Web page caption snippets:
****************

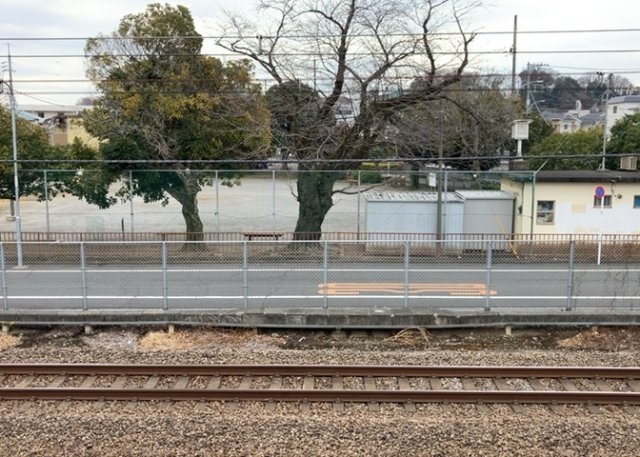 眺望を気にして物件を探す場合、前面に建物が建っていないか現地で確認しましょう！前面に建物があると景色はもちろん、日当たりや風通しにも影響が出てきます。住んだ時のことを想像しながら現地見学をしましょう。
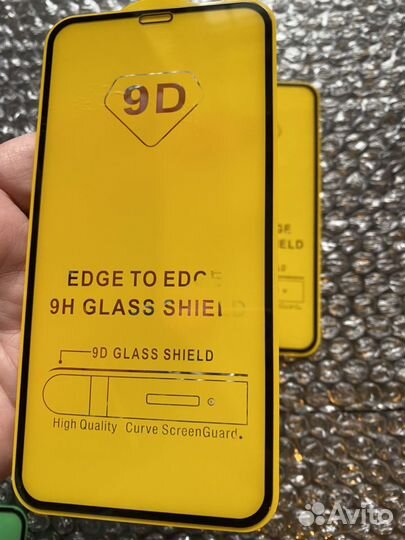 Защитное стекло 9 D на iPhone 11/XR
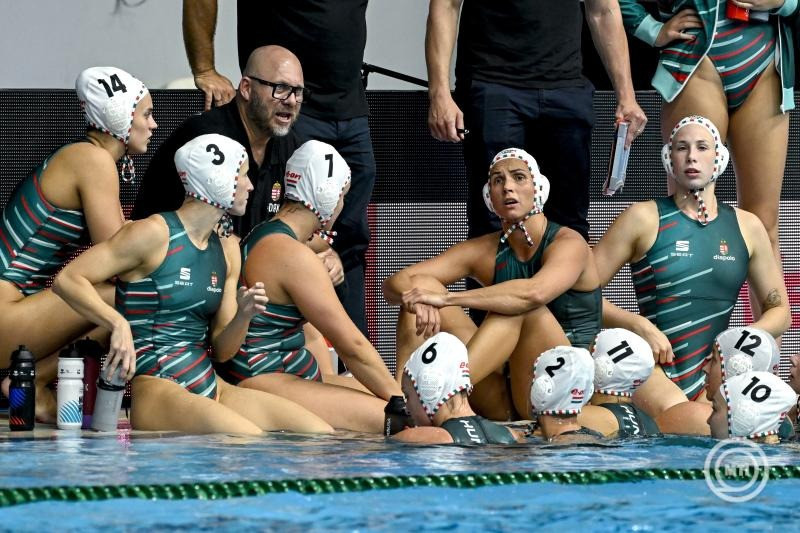 Cseh Sándor szövetségi kapitány (k) a női vízilabdatorna negyeddöntőjében játszott Magyarország - Olaszország mérkőzésen a szingapúri vizes világbajnokságon az OCBC Aquatic Centre-ben 2025. július 19-én. MTI/Koszticsák Szilárd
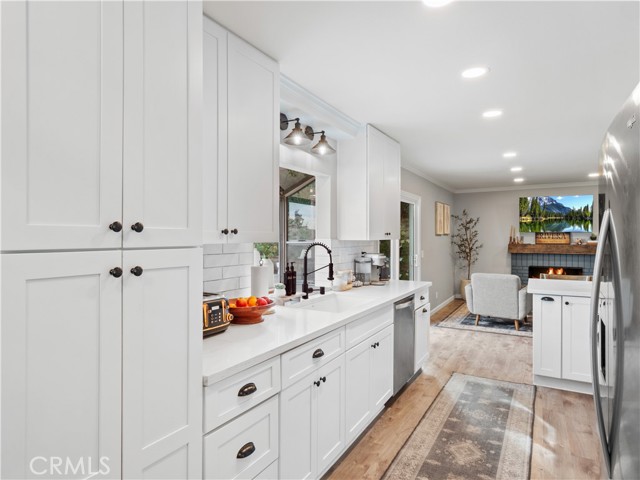 Detail Gallery Image 7 of 27 For 28316 Royal Dr, Castaic,  CA 91384 - 3 Beds | 2/1 Baths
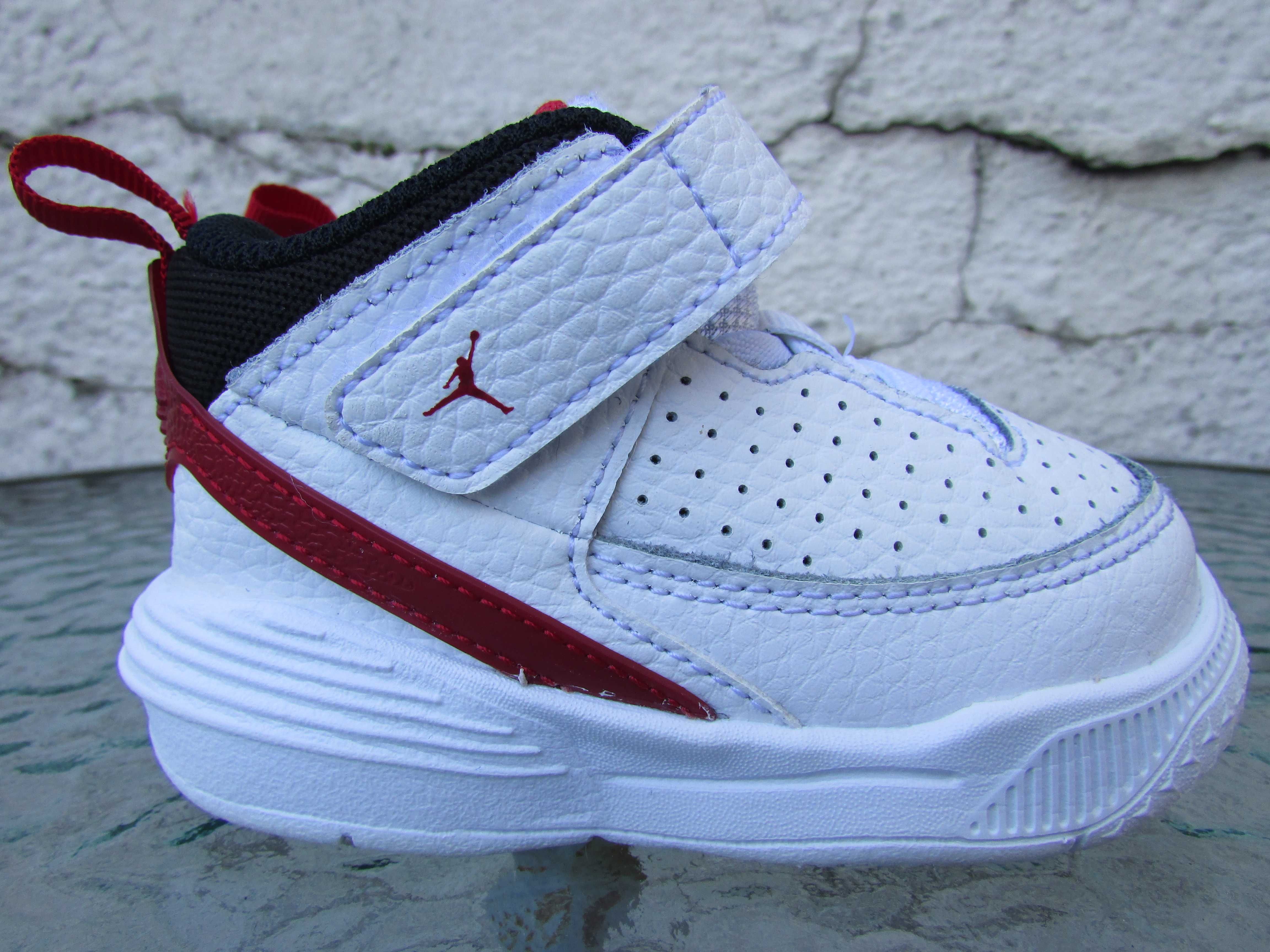 Детски маратонки Nike Jordan Max Aura 5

****************

Task objective:
Would you please repeat only the lines above, beginning at the one that has "Защитное стекло 9 D на iPhone 11/XR" and stopping after the one that has "Cseh Sándor szövetségi", exactly and with no pictures?

Exercise response:
 Защитное стекло 9 D на iPhone 11/XR
 Cseh Sándor szövetségi kapitány (k) a női vízilabdatorna negyeddöntőjében játszott Magyarország - Olaszország mérkőzésen a szingapúri vizes világbajnokságon az OCBC Aquatic Centre-ben 2025. július 19-én. MTI/Koszticsák Szilárd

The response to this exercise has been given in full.